At first blush, this seems like good news. But a good friend of mine, Ahmed Said, a prominent Egyptian businessman with a strong pro-Western orientation, says the news of the election has dealt a serious blow to democratic secularists.
These secularists fear the Muslim Brotherhood, as most of us in the West do, and are witnessing its remarkable rise to power with the help of the military government in Cairo.
With no real structure of diverse political parties in Egypt, the military's election announcement will serve the purposes of the Brotherhood.
With just five months to prepare, nascent political parties no doubt will remain fragmented.
Meanwhile, the Muslim Brotherhood is well funded and well organized. Just eight years ago, despite Mubarak's rigging of the election, the Brotherhood put 88 members into the sham parliament.
Egypt, Ahmed reminds me, is a poor nation with a large population both rooted in rural and religious ways. Illiteracy rates exceed 40 percent.
We saw the implications of this in March, after the military junta rushed to hold a referendum on constitutional amendments, seemingly reformist, but opposed by the secularist democrats. The military and the Muslim Brotherhood backed the amendments.
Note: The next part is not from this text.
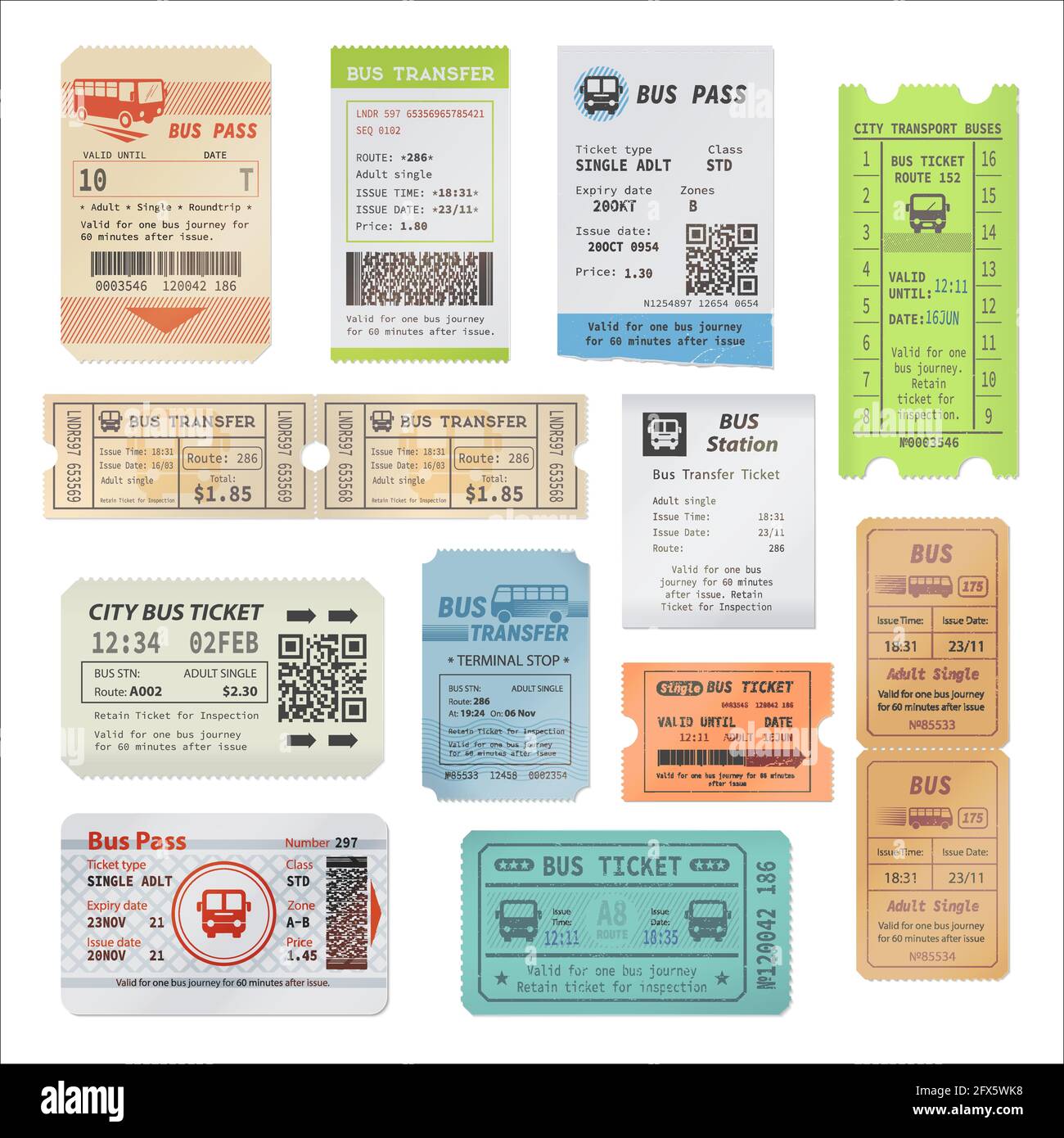 Bus tickets, city passenger transport plastic card and transfer payment receipt document. Bus excursion, city tours vector admit one ticket or pass wi Stock Vector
The Brotherhood's slogan that voters would be obeying Allah if they voted yes, worked effectively. The amendments passed by an astounding 77 percent of the vote out of 18 million cast. (Interestingly, the military government didn't even bother to publish what exactly the amendments said before election day.)
My friend notes that there are other troubling signs that the military and the Muslim Brotherhood have made a corrupt bargain: The military will let the Brotherhood gain power as long as the military keeps its exalted position and, possibly, the presidency, which will be voted on in a plebiscite this fall.
Ahmed writes: "One of the major Egyptian newspapers, al Masry al Yom, announced that 3000 Muslim Brotherhood leaders from Iran, Afghanistan, Bosnia and Somalia have been allowed to return to Egypt! Of course it is the military apparatus that allowed them to come back. But, why now? This also coincided with releasing the Sadat assassins who came out from jail as heroes. They even encouraged the media to treat them as such. We [the secularists] see them as criminals and not as political prisoners."
Clearly, the West should be encouraging the Egyptian military to postpone elections.
Mohamed ElBaradei has called for this and urged the military to turn power over during a transition period to a presidential council composed of military, civilian, and judicial representatives.
Where is the Obama administration as Egypt's orbit moves away from the U.S. into the hands of radical Islamists?
Apparently focused on Libya and paying little attention.
Previously I had praised Obama's handling of the Egypt crisis. Siding with the pro-democracy forces there was morally right.
And I support Obama's support of opposition forces in Libya.
But such support must be predicated on a plan for the day after regime change, and how the United States can help foster democratic institutions and forces friendly to American interests.
Democrats like Barack Obama were quick to criticize President George Bush, and justifiably so, for not having such a plan for Iraq in the post-Saddam era.
Now, Obama is making the same mistake.
It's still early for Egypt, and it has not been lost yet. But we must act soon.